Task details: All the lines below should be set down exactly, with no picture carried into the copy.

Given information:
****************************************

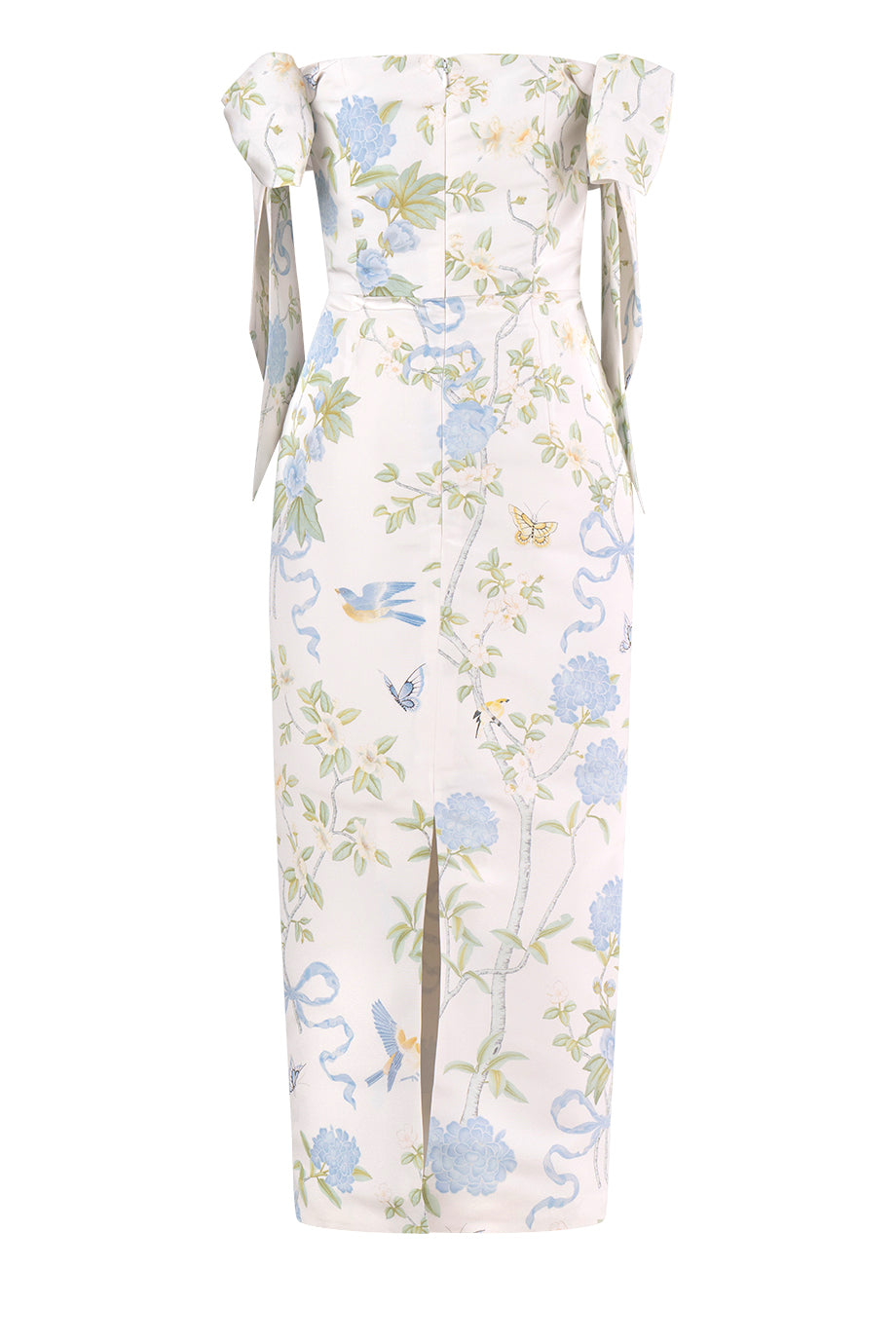 Isabella Beheld Butterfly Floral Silk Faille Midi Dress
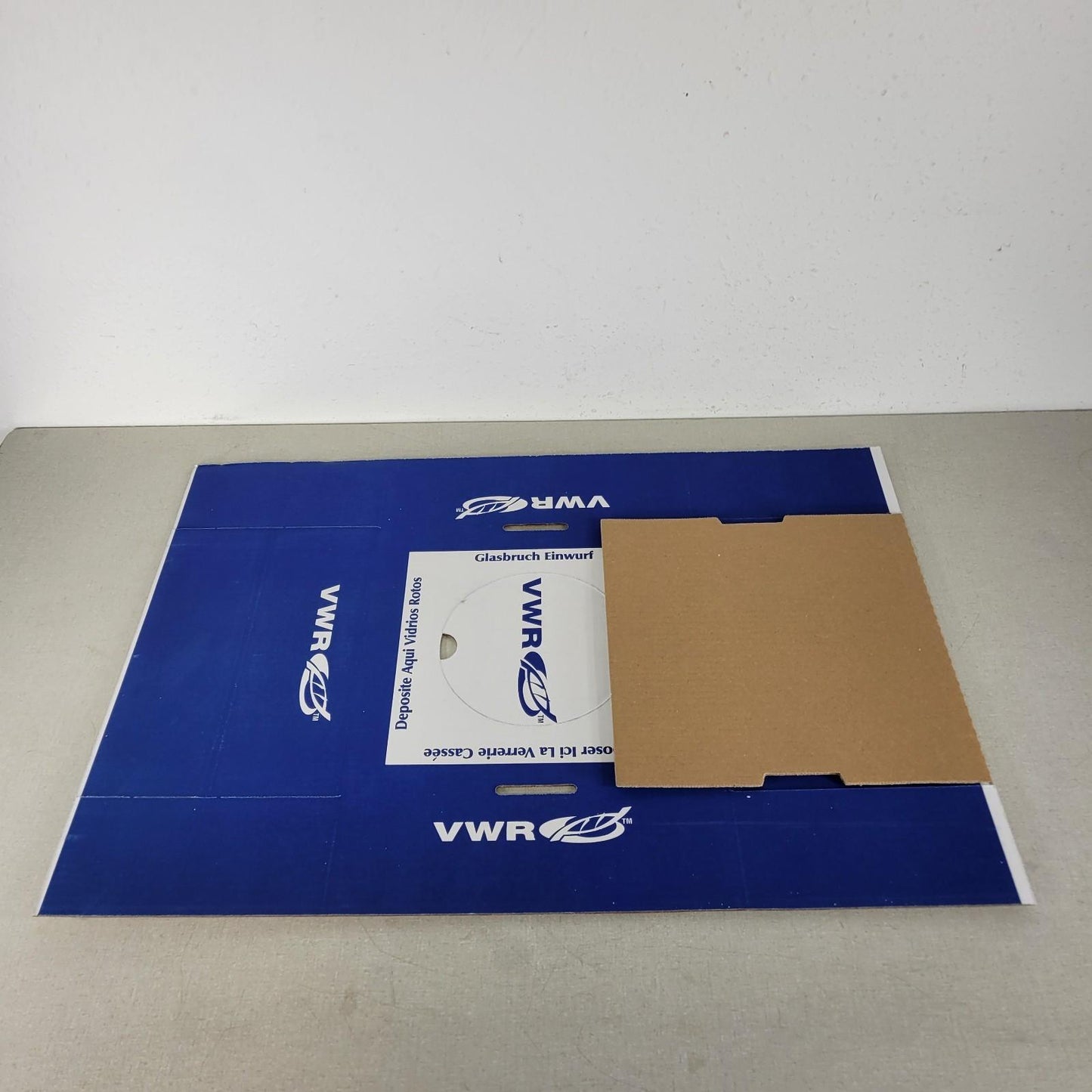 *Lot of 4* VWR 56617-801 Broken Glass Disposal Box-Floor 12x12x27" Cardboard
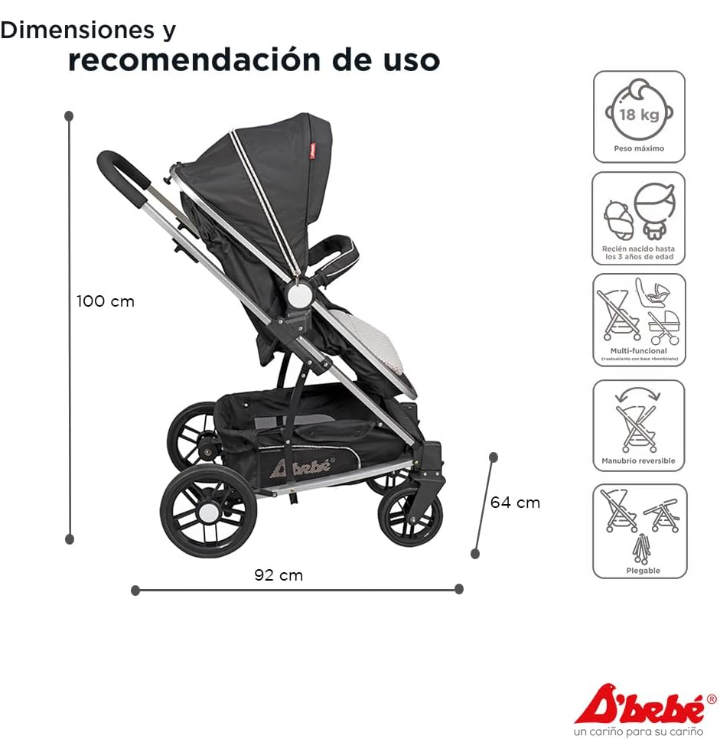 Carreola multifuncional con Bambineto y autoasiento travel system crown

****************************************

Exercise solution:
 Isabella Beheld Butterfly Floral Silk Faille Midi Dress
 *Lot of 4* VWR 56617-801 Broken Glass Disposal Box-Floor 12x12x27" Cardboard
 Carreola multifuncional con Bambineto y autoasiento travel system crown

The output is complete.